*Directions for this task:* The task calls for the lines below from the line with "Calvin Klein Calvin" to the line with "Saniclass Plain Armoire", both ends included, copied exactly, without any pictures.

*Information given:*
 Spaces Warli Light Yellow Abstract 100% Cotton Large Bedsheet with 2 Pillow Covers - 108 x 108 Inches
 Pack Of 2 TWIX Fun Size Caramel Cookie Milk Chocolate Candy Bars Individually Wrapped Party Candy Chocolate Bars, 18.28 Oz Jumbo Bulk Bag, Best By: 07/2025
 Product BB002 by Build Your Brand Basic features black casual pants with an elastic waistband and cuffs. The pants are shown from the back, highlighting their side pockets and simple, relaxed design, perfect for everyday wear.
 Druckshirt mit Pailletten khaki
* * *
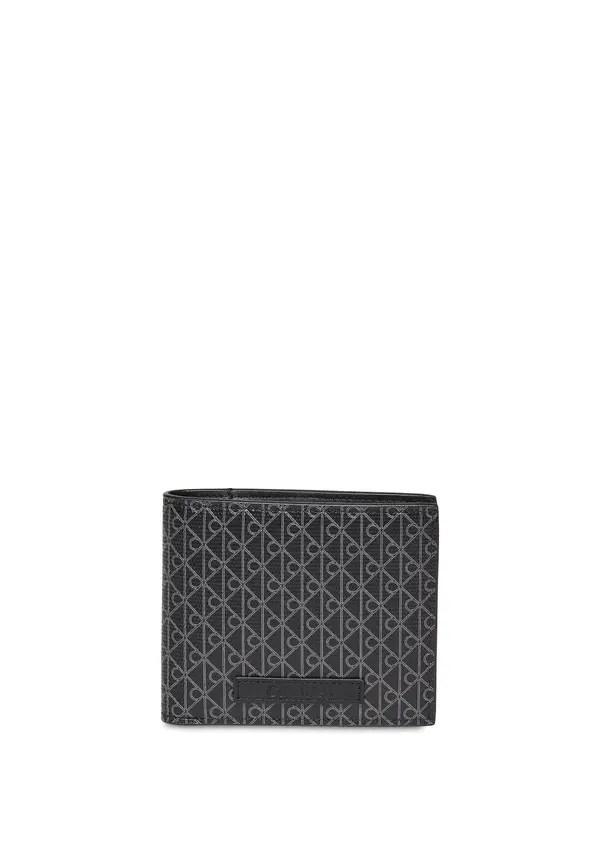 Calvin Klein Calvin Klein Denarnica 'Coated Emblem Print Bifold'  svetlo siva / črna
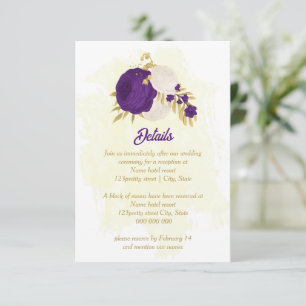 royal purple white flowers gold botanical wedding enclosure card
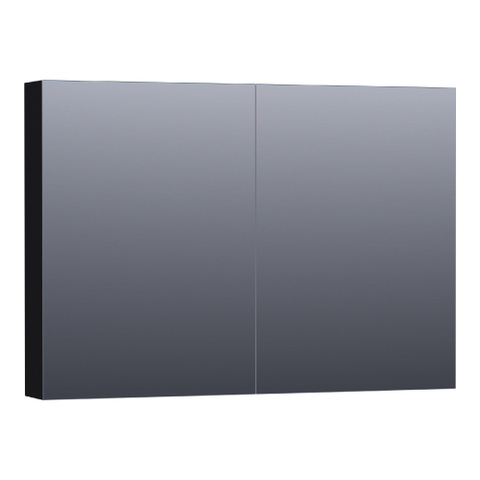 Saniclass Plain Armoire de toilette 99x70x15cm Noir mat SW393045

*Result of this task:*
 Calvin Klein Calvin Klein Denarnica 'Coated Emblem Print Bifold'  svetlo siva / črna
 royal purple white flowers gold botanical wedding enclosure card
 Saniclass Plain Armoire de toilette 99x70x15cm Noir mat SW393045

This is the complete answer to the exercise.